For firms managing large portfolios or running portfolio support operations, agent teams are also operational leverage. An agent can monitor portfolio company metrics, flag risks, and identify upsell opportunities 24/7. That's something no human analyst can do.

Getting Started

Building a research agent team isn't a moonshot. It's a practical engineering project that takes 2-4 weeks from concept to production.
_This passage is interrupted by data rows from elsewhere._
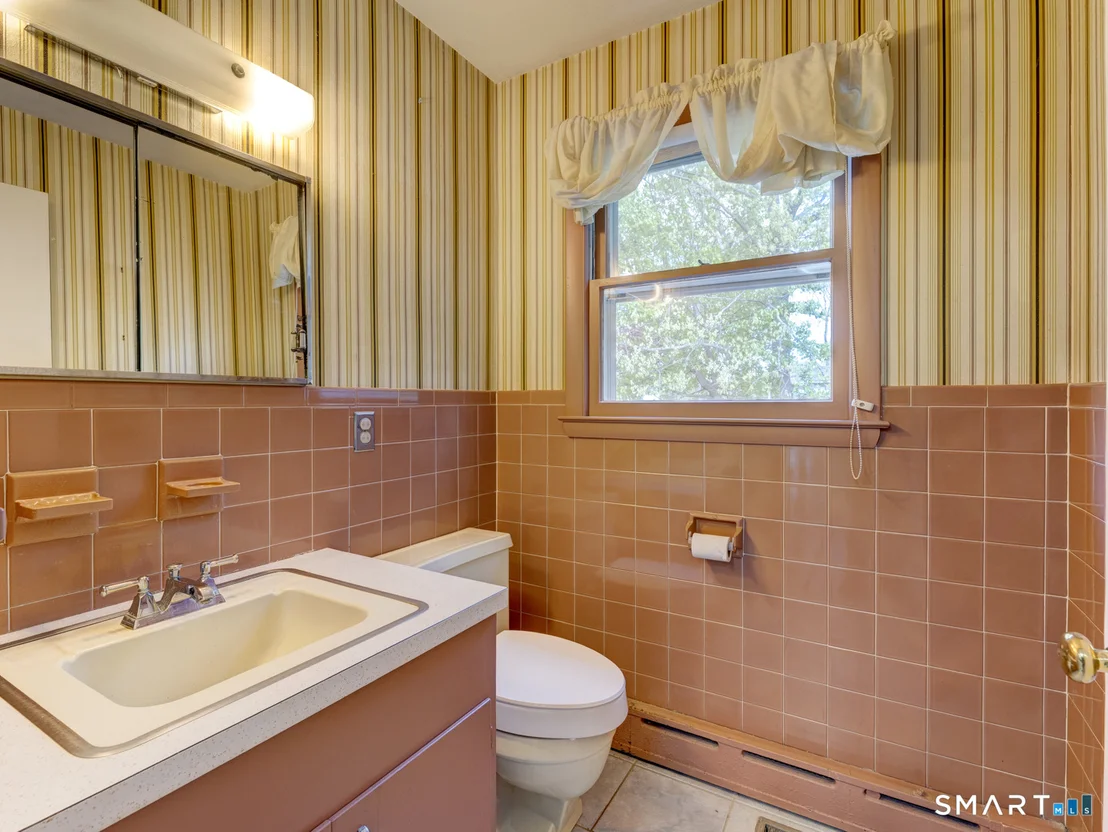 Photo of 284 Chestnut Hill Road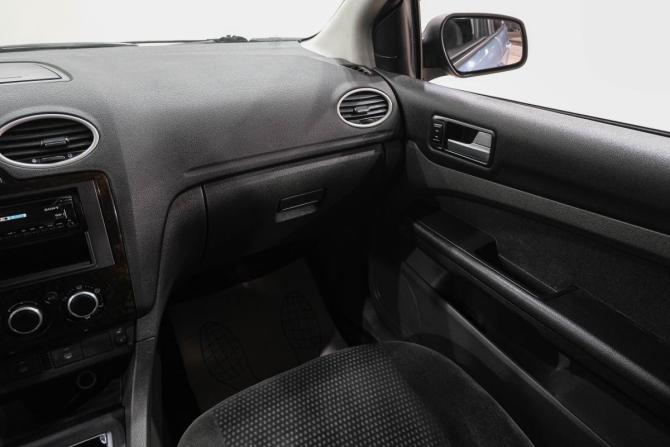 Ford Focus II с пробегом 2006 года, цена 319 000 рублей, 287000 км, седан, Автокод Объявления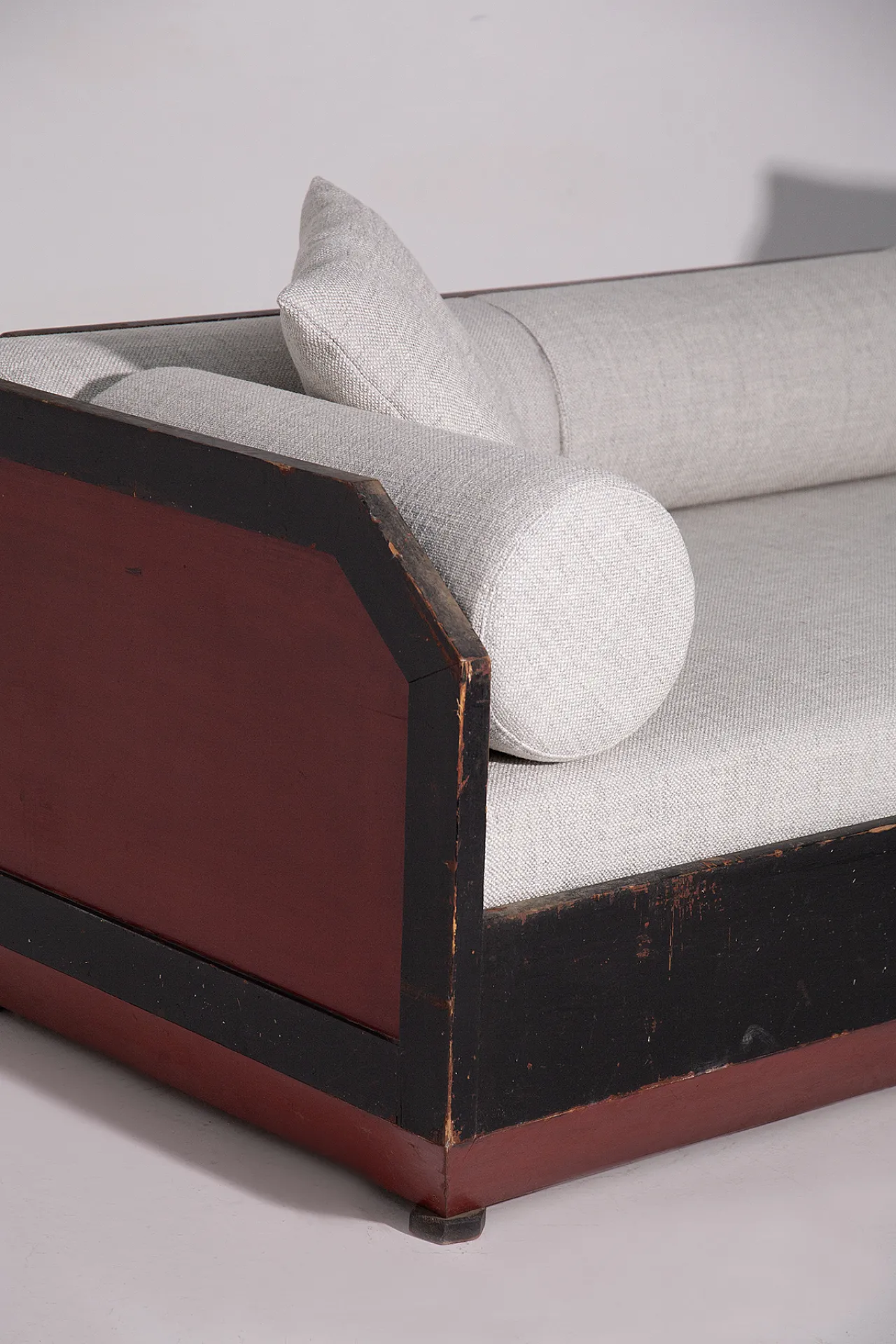 Geometric sofa futurist era, 20s 4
  1. Start small: Begin with the founder research agent. Get it working, test it on 10 historical deals, and validate the output quality.
  2. Add the second agent: Once founder research is solid, add market research. Test the two-agent team together.
  3. Add the third agent: Once you're confident in the first two, add reference outreach.
  4. Monitor and iterate: Run the team on new deals, collect feedback from partners and analysts, and refine prompts and tool access.
  5. Scale: Once the core team is solid, expand to additional agents or additional use cases (portfolio monitoring, sourcing, etc.).

PADISO's documentation includes templates and examples for building agent teams in venture capital. The platform handles the orchestration, monitoring, and scaling. You focus on defining agent behavior and integrating with your tools.

The future of venture capital is agent-assisted diligence. Firms that build and deploy agent teams now will have a significant advantage over those that wait. The economics are clear, the technology is mature, and the use case is proven.

Start with research agents. Expand from there.